After McCoy had stopped the car he reached awkwardly toward the back floor space of the car, feeling for one of the M1s in the grip-bag and for another magazine. From the cloth sack he took two of the grenades, slipping them into his pocket where they banged together, making a dull, hidden noise, without the ring of softer, less lethal metal.
The gun he crooked under his shoulder. Then with his left hand he opened the door of the car. Famy waited for him, then pulled the bag over his seat. His rifle was loose, trailing one-handed as he walked round the front of the car. Simultaneous with McCoy he was aware of the light of another vehicle that turned into the street, and reacted as fast as the Irishman in shielding his firearm alongside the silhouette of the leg.

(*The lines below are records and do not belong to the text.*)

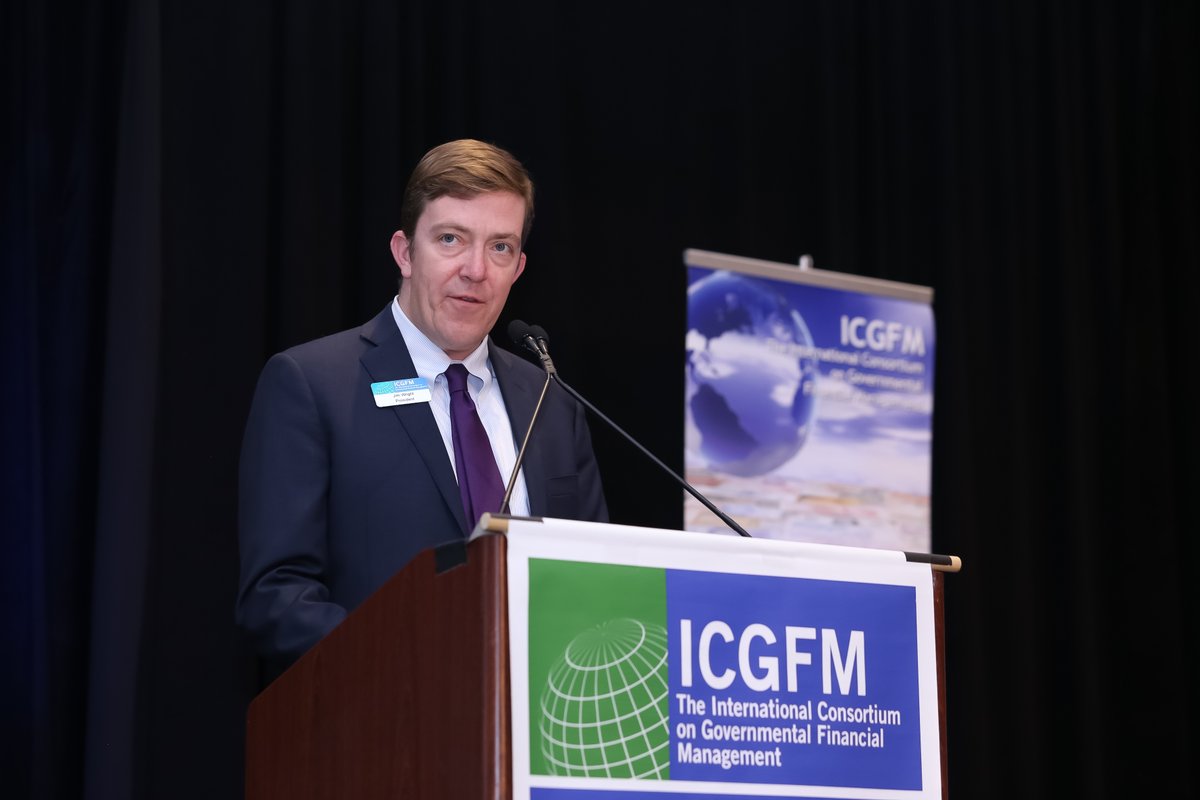 EvansTransforms's tweet photo. Thank you to the members of the @icgfm for your roles in making this a remarkable week! This motivated group of public financial management professionals from around the world gathered to promote better public financial management in governments across the globe. @JaimeSegundo https://t.co/42LEmvyzwV
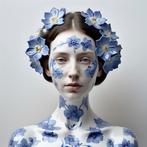 Ludovica Bastianini - Blue Flowers Porcelain
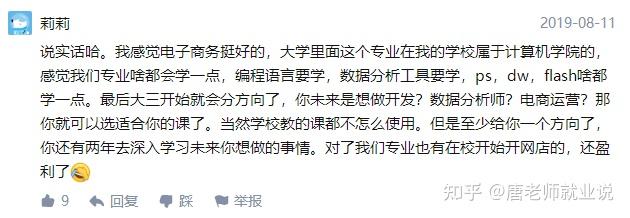 國際經濟與貿易國際商務電子商務商務英語等相關專業的就業和考研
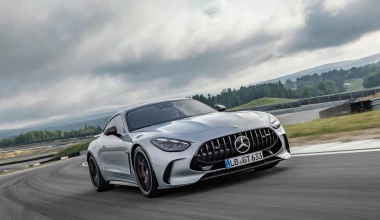 Mercedes-AMG GT: Πανίσχυρη και με επιπλέον δύο θέσεις! 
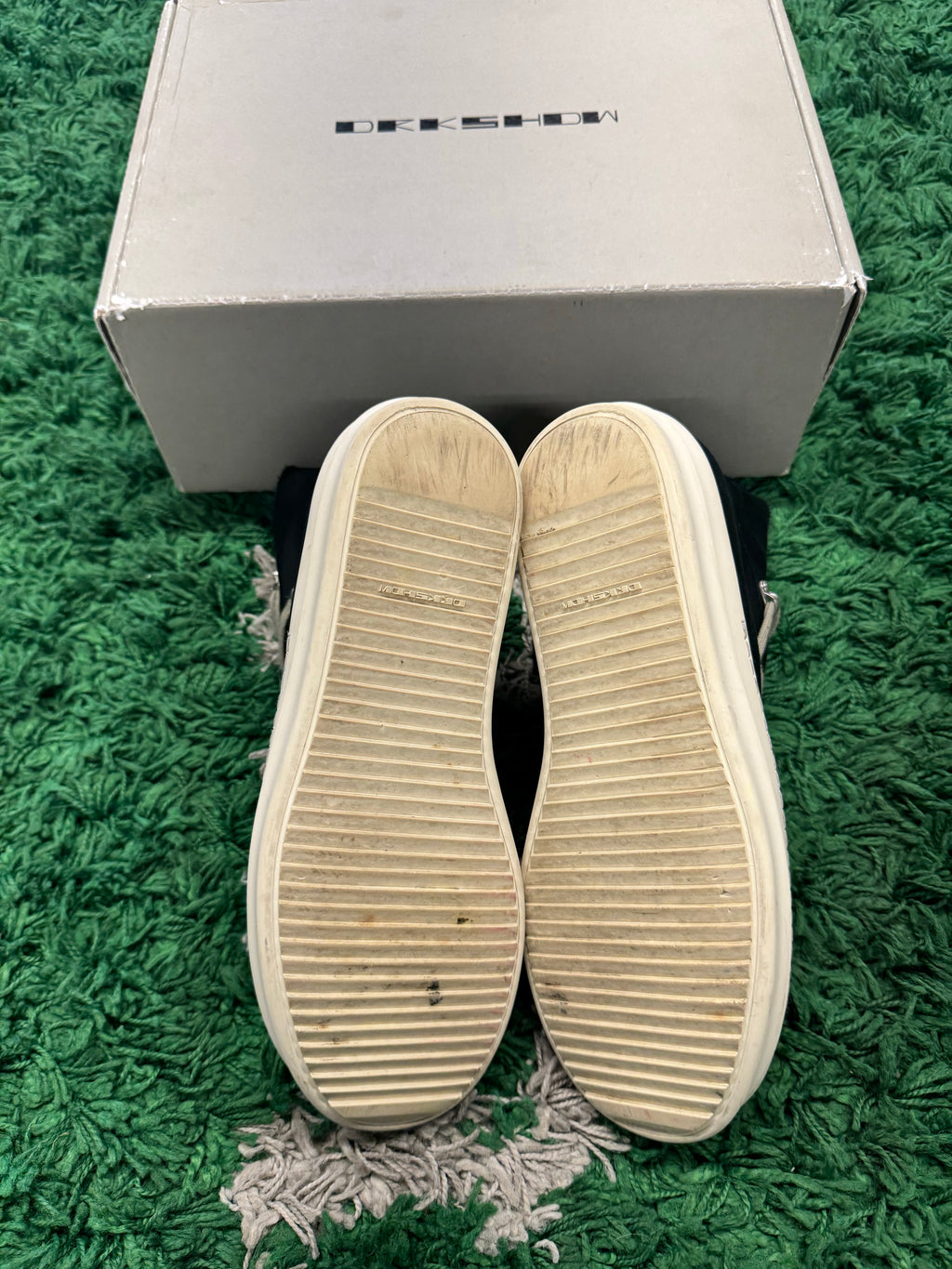 Rick Owens’s hex DRKSHDW black/beige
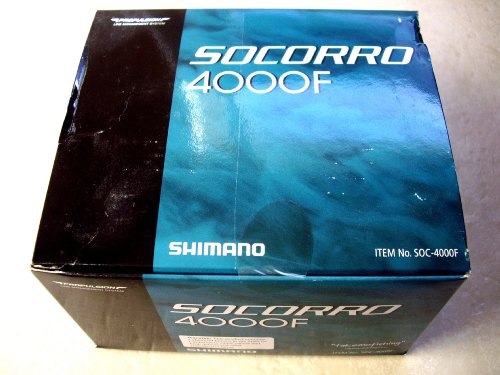 Shimano Socorro 4000FB Salt Water Spinning Reel 
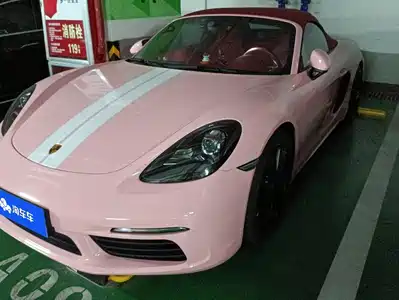 Porsche 718 2025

'Stay still till he's parked and switched off,' McCoy snapped at Famy, concerned at the intrusion, wanting to be on his way, unwilling to face interruption. They were both illuminated by the powerful undipped beams that blazed at them from twenty yards down the road. There was a sense of foolishness, of conspiracy that was unnerving.
'As soon as he's gone, disappear.' McCoy tried to take control, knew it was for the last time, but pride dictated that at this moment, even as he relieved himself of his commitments and responsibilities, he should still lead, it's been strange. Not much to say now . . . but I'm sorry, for your sake . . . and I mean it. . . I'm sorry it loused up . ..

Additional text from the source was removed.